Generations Magazine - Busy Doing Good_image1

Spenner and the UH Foundation are grateful for support from donors.

Keeping busy is important in retirement. For me, doing something meaningful is key to an enjoyable life. Before I retired, I worked in philanthropy, helping to raise funds for a highly regarded private school. I felt good assisting the school with its mission, enabling donors to do “good” for the school and helping people “achieve their heart’s desire.” My specialty is estate and gift planning — working with donors as they ponder their own mortality and decide how they can make a difference with the wealth they have accumulated. If you don’t make plans for your estate, others (including the government) will make those decisions for you after you pass. I help empower people to make bequests that can help their heirs and charities they love.

When I first retired, I lived an idyllic life. I walked along beaches, swam in the surf, trekked over mountain trails, cooked delicious meals, got a library card and read dozens of books, and napped in the afternoon. I even walked around the entire Island of O‘ahu. What’s not to love about this lifestyle? I had the money to be unemployed and self-indulgent, but I wanted to do more. I volunteered for local fundraising efforts and got quite involved with my faith community. Then one day, I received an unsolicited email from either LinkedIn or a search firm, saying, “Here’s a job that you might like.” It described exactly what I had been doing for the past 10 years. I can do this, I thought. I applied and was hired.

The work environment at the University of Hawai‘i Foundation is very enjoyable and I’m thrilled to be a part of it. The UH System, with its 10 campuses, is the only public university in the state. The future of Hawai‘i depends on us offering greater educational opportunities for students at every academic level, career aspiration and economic strata.

Now, a year later, my work has stopped being a hobby-job; it is a mission. I want to help young students pull themselves out of poverty through education, and help the brightest academic scholars continue their research and post-graduate studies at UH instead of going to the mainland.

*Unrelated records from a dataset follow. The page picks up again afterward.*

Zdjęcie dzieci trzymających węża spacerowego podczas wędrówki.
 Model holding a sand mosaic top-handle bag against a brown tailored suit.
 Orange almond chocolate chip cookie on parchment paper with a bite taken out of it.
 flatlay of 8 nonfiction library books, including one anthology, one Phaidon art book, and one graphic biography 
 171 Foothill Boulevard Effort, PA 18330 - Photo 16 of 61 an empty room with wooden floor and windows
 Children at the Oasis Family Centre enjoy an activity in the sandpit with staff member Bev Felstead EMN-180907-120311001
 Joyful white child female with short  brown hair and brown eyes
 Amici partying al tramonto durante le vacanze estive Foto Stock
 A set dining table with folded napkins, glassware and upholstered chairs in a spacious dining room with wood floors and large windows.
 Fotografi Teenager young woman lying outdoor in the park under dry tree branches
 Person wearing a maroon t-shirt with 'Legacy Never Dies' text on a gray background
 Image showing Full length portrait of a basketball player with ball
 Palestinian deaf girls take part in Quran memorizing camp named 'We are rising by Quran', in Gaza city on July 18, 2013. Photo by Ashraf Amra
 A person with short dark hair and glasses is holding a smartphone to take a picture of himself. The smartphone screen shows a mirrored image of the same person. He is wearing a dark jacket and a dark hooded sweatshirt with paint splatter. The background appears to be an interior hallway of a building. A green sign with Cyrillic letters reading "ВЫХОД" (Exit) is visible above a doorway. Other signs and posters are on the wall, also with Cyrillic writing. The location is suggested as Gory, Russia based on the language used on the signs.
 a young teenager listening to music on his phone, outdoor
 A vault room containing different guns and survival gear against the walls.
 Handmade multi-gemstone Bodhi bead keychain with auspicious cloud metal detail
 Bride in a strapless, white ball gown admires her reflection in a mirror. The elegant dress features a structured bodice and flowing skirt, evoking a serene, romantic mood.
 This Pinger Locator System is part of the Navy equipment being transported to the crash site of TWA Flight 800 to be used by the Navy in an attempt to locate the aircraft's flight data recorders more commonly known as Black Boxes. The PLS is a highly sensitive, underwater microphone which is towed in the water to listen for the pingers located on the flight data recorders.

I want to show generous Hawai‘i residents that their current major gifts and planned estate gifts to the UH Foundation are living investments in the future of Hawai‘i. There is nothing more personally rewarding than when a grateful donor thanks me for helping make a profound difference in his or her life and the lives of students by crafting their legacy gift.

This is why I chose to work after retirement at a job that has become a life’s work for me.